Question

An insurance company finds that the ages of motorcyclists killed in crashes are normally distributed with a mean of 26.9 years and a standard deviation of 8.4 years. a) If we randomly select one such motorcyclist, find the probability that he or s he was under 25 years of age.

Answer 1

0.41053

Explanation:

The z-score, also known as standard score / z-value / normal score. It is a quantity without dimensions which can be used to determine number of standard deviations by which a number is far from the mean value. Numbers over the mean have positive z-scores and below the mean have negative.

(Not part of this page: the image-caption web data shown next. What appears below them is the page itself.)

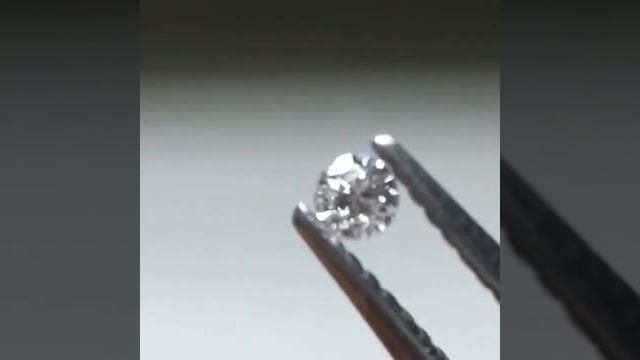 0.015 Carat Faint Blueish Grey Round Brilliant Diamond
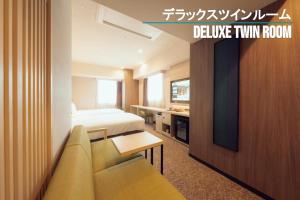 仙台Henn na Hotel Sendai Kokubuncho的酒店客房配有床、沙发和电视。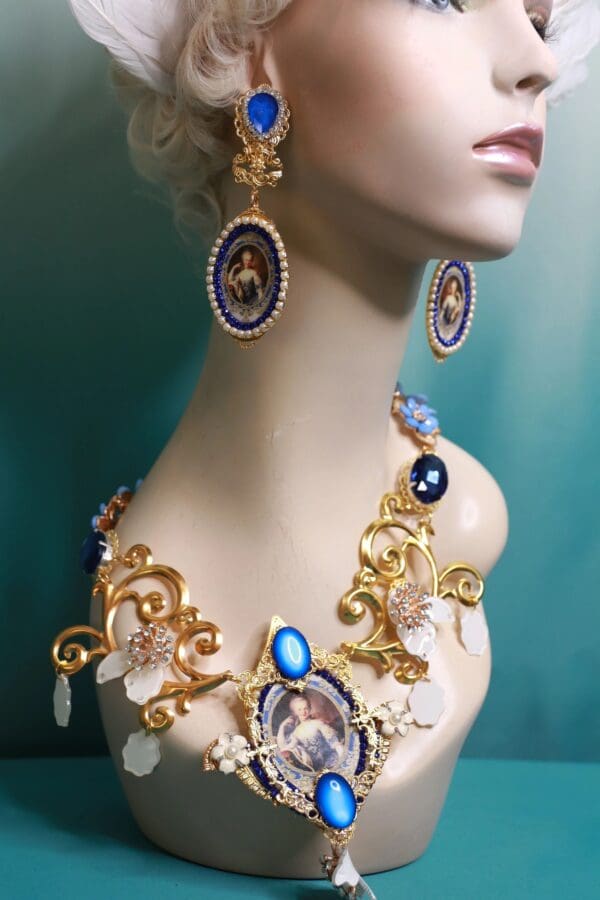 A woman wearing a necklace and earrings with gold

Here X is below the the mean so the z score is negative.

As we know

Z Score = (x - μ) / σ

Z Score = ( 25 - 26.9 ) / 8.4

Z score = -0.2262

Now We calculate P Value

P(X<25)=P ( z < -0.2262 )

P(X<25) =1 - P ( z < 0.2262)

P(X<25) =1 - 0.58947

P(x<25) = 0.41053

The probability that he or she was under 25 years of age is 0.41053.

Answer 2

0.41053

Explanation:

[TeX]z=\frac{x-\mu}{\sigma}[/TeX]

[TeX]z=\frac{25-26.9}{8.4}[/TeX]

z=-0.2262

P(X<25)=P(z<-0.2262)

=1-P(z<0.2262)

=1-0.58947

P(x<25) = 0.41053

The probability that a randomly selected person is under the age of 25 is 0.41053.